*** Opening INPUT RECORDS ***

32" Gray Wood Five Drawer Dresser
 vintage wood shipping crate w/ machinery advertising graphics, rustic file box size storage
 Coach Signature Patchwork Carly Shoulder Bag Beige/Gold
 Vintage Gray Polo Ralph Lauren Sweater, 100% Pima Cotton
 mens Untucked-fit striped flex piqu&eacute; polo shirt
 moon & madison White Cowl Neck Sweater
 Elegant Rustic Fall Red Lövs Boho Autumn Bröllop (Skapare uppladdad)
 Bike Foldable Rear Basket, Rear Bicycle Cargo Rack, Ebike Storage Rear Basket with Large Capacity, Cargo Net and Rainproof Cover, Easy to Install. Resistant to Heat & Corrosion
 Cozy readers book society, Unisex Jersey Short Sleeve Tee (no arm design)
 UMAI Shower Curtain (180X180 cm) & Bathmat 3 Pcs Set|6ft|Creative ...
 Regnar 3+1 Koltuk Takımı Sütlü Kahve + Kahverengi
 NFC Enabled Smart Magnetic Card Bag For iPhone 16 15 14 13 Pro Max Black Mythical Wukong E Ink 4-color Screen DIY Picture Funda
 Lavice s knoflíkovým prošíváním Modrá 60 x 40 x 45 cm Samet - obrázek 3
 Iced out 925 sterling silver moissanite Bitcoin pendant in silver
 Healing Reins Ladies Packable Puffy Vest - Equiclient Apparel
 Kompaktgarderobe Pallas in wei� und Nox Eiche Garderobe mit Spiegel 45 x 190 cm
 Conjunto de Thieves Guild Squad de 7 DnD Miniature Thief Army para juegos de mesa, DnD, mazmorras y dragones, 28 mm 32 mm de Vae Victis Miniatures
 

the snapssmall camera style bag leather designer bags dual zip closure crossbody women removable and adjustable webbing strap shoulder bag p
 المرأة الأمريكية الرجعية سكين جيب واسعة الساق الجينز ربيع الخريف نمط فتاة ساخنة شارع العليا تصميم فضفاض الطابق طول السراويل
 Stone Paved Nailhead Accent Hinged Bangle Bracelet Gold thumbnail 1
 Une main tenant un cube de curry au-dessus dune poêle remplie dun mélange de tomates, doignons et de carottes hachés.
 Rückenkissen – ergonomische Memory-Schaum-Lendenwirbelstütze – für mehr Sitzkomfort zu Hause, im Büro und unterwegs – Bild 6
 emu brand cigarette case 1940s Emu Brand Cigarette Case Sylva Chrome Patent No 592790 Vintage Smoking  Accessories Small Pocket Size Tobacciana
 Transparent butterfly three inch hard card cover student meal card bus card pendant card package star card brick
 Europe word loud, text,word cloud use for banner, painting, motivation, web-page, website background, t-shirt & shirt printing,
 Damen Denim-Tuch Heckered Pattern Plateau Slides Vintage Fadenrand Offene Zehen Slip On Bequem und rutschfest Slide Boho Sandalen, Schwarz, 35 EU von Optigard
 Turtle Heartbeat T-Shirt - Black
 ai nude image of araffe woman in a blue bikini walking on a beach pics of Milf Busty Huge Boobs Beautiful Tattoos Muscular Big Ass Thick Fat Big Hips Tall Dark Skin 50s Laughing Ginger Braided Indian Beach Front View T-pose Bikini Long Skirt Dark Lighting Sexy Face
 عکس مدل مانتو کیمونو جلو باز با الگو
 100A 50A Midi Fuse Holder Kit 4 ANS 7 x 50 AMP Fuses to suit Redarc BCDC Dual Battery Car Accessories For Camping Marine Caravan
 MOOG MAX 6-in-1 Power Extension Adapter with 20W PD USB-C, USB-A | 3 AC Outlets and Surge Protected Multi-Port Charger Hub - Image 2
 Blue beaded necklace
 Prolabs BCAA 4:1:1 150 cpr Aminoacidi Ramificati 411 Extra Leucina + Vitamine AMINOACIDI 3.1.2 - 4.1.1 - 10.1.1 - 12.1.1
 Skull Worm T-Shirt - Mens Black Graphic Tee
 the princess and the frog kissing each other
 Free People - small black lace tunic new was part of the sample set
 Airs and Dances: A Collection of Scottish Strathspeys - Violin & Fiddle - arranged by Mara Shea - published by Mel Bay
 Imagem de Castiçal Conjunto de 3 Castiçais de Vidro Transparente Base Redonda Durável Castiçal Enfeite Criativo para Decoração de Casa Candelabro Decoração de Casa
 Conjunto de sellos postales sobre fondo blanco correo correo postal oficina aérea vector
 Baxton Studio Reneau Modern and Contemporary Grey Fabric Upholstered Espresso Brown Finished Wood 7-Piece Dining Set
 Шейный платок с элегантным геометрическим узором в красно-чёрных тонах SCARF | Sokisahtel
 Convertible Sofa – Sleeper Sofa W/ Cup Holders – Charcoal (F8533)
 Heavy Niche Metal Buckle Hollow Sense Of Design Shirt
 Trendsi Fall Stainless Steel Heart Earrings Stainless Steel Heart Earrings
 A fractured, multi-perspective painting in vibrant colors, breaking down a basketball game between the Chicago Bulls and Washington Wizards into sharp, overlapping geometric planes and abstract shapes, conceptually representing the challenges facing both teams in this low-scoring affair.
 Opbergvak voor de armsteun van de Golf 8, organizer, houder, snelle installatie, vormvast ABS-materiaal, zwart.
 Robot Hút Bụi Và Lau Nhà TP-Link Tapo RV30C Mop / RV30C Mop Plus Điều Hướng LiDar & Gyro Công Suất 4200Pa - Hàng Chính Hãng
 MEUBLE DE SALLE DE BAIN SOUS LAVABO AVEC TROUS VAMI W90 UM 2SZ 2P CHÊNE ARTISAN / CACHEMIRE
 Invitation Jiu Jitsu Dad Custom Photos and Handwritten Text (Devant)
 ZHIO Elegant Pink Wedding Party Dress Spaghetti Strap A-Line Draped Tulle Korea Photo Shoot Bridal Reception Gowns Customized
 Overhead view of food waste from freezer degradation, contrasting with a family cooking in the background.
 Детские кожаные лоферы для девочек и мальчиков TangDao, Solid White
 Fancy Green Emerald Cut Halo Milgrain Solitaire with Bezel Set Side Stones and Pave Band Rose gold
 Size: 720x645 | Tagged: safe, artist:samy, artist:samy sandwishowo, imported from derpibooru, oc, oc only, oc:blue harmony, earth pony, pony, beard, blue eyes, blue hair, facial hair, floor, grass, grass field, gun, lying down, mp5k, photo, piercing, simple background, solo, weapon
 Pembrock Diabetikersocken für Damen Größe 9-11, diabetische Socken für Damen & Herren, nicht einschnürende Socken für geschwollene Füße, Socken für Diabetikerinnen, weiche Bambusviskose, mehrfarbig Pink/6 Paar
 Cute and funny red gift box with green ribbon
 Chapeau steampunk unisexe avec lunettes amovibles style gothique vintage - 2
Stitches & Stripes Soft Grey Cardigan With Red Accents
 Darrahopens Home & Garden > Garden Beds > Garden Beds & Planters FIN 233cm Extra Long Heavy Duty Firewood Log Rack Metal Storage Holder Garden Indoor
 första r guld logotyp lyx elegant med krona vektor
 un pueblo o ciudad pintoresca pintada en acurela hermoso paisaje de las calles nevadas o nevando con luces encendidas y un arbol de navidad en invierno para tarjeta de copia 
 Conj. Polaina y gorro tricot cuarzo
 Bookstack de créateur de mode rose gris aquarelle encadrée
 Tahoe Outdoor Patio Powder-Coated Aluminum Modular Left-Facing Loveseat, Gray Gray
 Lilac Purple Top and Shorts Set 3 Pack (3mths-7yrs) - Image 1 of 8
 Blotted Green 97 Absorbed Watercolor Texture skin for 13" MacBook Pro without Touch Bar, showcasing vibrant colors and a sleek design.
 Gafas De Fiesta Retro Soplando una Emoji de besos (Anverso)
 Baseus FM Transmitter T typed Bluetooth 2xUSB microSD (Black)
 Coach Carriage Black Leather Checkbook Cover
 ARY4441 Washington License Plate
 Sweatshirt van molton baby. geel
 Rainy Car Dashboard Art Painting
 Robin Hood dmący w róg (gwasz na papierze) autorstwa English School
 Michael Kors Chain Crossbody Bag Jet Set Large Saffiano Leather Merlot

*** Closing INPUT RECORDS ***

## WHAT IS EXPECTED:
Lines containing the word "White" are to be located in the entries and copied.

## EXERCISE RESPONSE:
 moon & madison White Cowl Neck Sweater
 Детские кожаные лоферы для девочек и мальчиков TangDao, Solid White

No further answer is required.